According to Lynne Braun, NP, PhD, a nurse practitioner with the Rush Heart Center for Women, having the support of a significant other can make a significant difference in whether a person sticks with a healthy diet, exercises and takes prescribed medications.

Here, Braun offers advice on how to create a heart-healthy partnership:

1. Manage your meds. 

Together with your partner, create reminders to help you take medication as prescribed (e.g., notes on the bathroom mirror).

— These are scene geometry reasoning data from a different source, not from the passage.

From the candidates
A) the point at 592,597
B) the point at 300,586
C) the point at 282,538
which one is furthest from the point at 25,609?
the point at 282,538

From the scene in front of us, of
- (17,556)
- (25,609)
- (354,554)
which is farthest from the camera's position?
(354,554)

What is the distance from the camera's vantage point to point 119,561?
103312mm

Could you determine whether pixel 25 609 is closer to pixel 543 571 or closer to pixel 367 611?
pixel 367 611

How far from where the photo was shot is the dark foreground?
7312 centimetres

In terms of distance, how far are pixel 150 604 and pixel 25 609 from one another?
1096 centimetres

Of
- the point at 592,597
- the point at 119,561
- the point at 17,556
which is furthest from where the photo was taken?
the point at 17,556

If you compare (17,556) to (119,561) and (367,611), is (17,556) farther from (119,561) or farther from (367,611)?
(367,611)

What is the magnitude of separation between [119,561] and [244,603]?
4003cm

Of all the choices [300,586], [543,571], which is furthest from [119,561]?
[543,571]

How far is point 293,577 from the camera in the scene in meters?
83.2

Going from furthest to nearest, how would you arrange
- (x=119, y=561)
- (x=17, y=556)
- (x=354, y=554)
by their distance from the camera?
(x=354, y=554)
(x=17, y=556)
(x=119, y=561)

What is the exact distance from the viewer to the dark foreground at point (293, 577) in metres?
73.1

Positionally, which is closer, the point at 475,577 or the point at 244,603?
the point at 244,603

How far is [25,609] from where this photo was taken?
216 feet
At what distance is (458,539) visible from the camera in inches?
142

2. Make exercise goals as a couple.

Exercise with each other as often as you can. Work together to achieve your physical fitness goals. If possible, get a family gym membership or join a recreational sports league as a couple.

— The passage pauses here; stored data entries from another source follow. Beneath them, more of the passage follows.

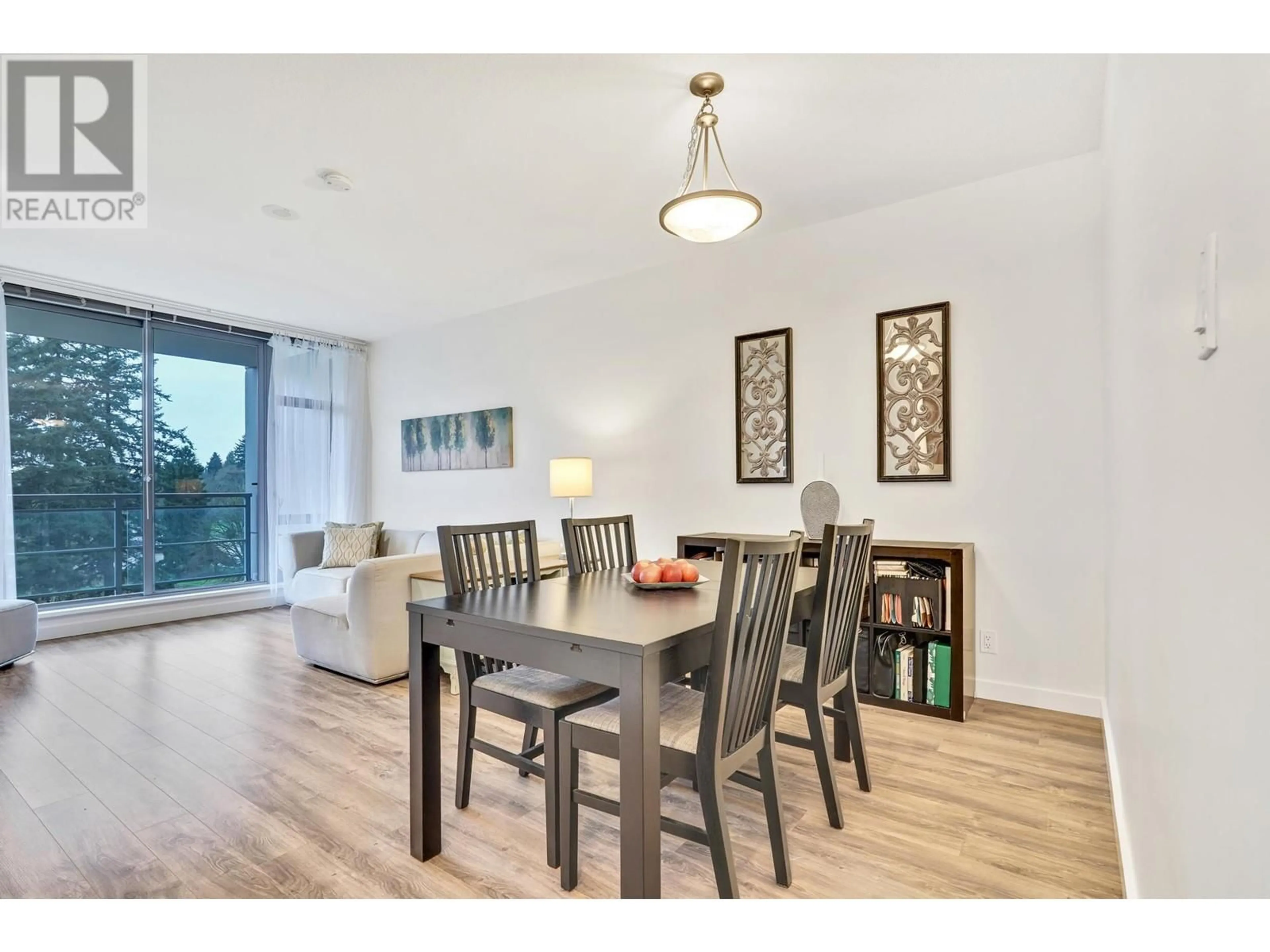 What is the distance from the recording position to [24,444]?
4.69 m

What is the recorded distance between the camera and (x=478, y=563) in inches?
95.7

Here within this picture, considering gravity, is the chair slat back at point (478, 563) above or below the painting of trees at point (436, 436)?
below

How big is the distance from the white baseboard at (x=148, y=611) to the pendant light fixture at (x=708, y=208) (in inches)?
208

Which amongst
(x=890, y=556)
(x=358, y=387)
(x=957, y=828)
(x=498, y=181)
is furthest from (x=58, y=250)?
(x=957, y=828)

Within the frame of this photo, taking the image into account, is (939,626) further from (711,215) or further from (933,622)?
(711,215)

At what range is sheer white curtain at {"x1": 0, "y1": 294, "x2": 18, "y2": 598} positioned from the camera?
4.30m

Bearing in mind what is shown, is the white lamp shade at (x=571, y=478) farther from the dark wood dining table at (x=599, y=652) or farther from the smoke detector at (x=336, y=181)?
the dark wood dining table at (x=599, y=652)

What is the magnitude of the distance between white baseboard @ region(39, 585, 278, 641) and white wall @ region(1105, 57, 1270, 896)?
626 centimetres

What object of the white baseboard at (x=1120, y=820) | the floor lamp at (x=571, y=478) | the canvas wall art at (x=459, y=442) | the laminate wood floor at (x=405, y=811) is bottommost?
the laminate wood floor at (x=405, y=811)

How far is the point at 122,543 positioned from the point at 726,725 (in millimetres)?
5689

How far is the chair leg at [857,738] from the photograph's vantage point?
222cm

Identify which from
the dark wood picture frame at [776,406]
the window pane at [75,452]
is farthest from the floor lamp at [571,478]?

3. Form a plan with your partner for exercising both outdoors and indoors.

Find activities you both enjoy, like bowling, tennis, running or swimming. If you have a dog, take it for walks together. If you don't, plan to go for after-dinner walks as a couple, especially when the weather is nice.

4. Shop and prepare foods smarter.

Go grocery shopping together, and make a list of what you need before you head to the store; this will help you avoid impulse buys.

Make meal prep a couples activity. Just don't prepare more food than either partner should eat unless it is for more than one meal.

Planning ahead for the week's meals is another great way to help you both on track. Look for healthy recipes you can make in larger batches, then divide into individual portions and refrigerate or freeze.

5. Discuss ways to change eating habits.

Once a week, substitute a healthful food, such as fresh fruit, for a less healthful one, such as potato chips. 

6. Rethink eating out.

You may eat out, but discuss how to make healthy menu choices or special requests, like putting sauces on the side or not including certain toppings.

For instance, if a meal comes with French fries or mashed potatoes, ask if you can get a side salad (just don't drown it in dressing) or steamed veggies instead. 

The good news is that many restaurants now include the calorie counts on their menus, so you can avoid consuming an entire day's worth of calories in one meal. 

And, of course, don't tempt each other by ordering a decadent dessert. It's a lot easier for each of you to resist if you both just say no. If you're craving something sweet after dinner, try a piece of whole fruit or a bowl of berries.  

7. Explore new restaurants.

Look for restaurants in your area that serve up healthier fare; you might find some new favorite places to dine.

8. Downsize your orders.

Share a dish at a restaurant to reduce portion sizes. Or ask the server to pack up half of your meal before you even see it.

9. Don't gobble your food.

Eat slowly and enjoy each other's company. Take sips of water throughout your meal, don't talk with your mouth full, and put the fork down between mouthfuls. 

10.  Take a lighter approach to party food.

When entertaining in your home or bringing a dish to a friend's home for a potluck, choose heart-healthy recipes. For appetizers, you can't go wrong with fresh veggies and light yogurt dip; hummus and whole wheat pita; or fresh fruit salad.  

If you're hosting a party, buy a bunch of takeout containers and send leftovers home with your guests.

11. Motivate each other, but don't nag!

Use past successes as examples to help you continue moving forward. If setbacks occur, that doesn't mean you've failed. It's important to start again.

Also, try to avoid being competitive about reaching any goals you set. As long as you're both getting healthier, and enjoying each other's company, you're on the right track.